Facebook accused of under-reporting Aussie revenue as new profit-shifting law kicks in
Facebook’s Australian operation has been accused of under-reporting its revenue for 2016, the first year of filing under a new law designed to clamp down on profit-shifting.
The Multinational Anti-Avoidance Law – popularly known as the “Google Tax” – came into force on January 1 last year.
It targets multinational companies that artificially avoid having a taxable presence in Australia despite having a significant presence and "permanent establishment" in the Australian market.
The new law is nicknamed after Google, which often bills business in Australia (and New Zealand) to subsidiaries in lower-tax Ireland and Singapore.
But if allegations aired in the Australian Financial Review today are correct, it will be Facebook attracting the first controversy under the new law.
The paper says it has obtained accounts that show Facebook had revenue of $A326.9 million in the 2016 calendar year.
That’s a ten-fold increase from the previous year.
But unnamed ad industry experts suggested to AFR that Facebook actually booked in excess of $A550 million in Australia in 2016.
In 2015, Facebook booked revenue of $A33.6 million. It paid tax of $A814,187 and recorded a loss of $970,647 loss.
NBR has asked Facebook for comment (the social network had no immediate comment for AFR).
On this side of the Tasman, Facebook and Google have both reported revenue that seems light relative to the size of the online advertising market as reported by the Interactive Advertising Bureau or IAB (Google, for example, reported a $601,000 loss on $10.7 million revenue in New Zealand for 2015; whereas IAB figures for 2016 show the total New Zealand online ad spending for 2016 was $890 million – and of that total, 55% was spent on search, a category totally dominated by Google).

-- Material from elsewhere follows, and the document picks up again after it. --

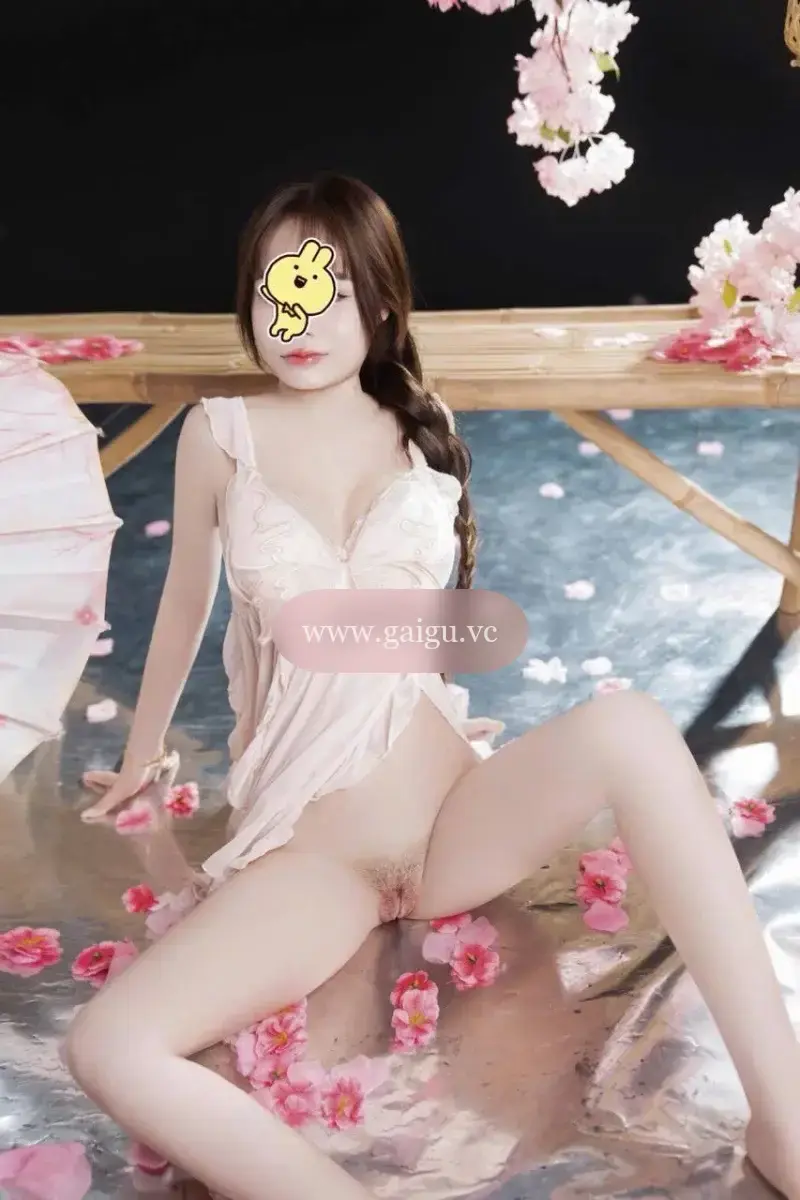 Anh Thư Nhiệt Tình Ngoan Ngoãn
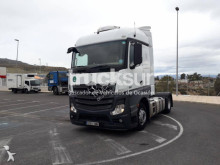 Mercedes Actros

Whatever happens with Facebook, it could be just the warm-up for Google, which is estimated to have earned revenue of $A2 billion to $A2.5 billion from Australia last year.
Google has not filed 2016 accounts yet but, for 2015, it reported Australian revenue of $A501.8 million and profit of $A50 million. It paid $A16 million tax.
Our government has broadly favoured following a slow-moving OECD multilateral “BEPS” process rather than the unilateral actions taken by the UK and Australian governments.
On April 3, Revenue Minister Judith Collins hinted a tougher stance could be on the way. Ms Collins said Inland Revenue had advised her that up to $300 million or more a year in tax was being lost under current rules because of New Zealand business being booked to offshore subsidiaries, and practices like loans to parent companies at high interest rates to minimise tax paid in New Zealand.
Ms Collins and Finance Minister Steven Joyce released three discussion papers containing measures against multinational profit-shifting. A consultation period has just closed. It remains to be seen if the government will follow through on any of the papers’ recommendations, if any.